All lines from the one containing "CA license plate 7KGO072" down to the one containing "L31 6BE map", both ends included, are to be given again exactly; omit the rest of the listing below.

## Supplied entries:
• • • •

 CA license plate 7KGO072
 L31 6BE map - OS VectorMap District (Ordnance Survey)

• • • •

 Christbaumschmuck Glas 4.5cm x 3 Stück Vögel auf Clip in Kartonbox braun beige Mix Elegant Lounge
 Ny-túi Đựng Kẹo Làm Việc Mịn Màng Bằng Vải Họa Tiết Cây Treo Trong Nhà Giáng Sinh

• • • •

## Response to this exercise:
 CA license plate 7KGO072
 L31 6BE map - OS VectorMap District (Ordnance Survey)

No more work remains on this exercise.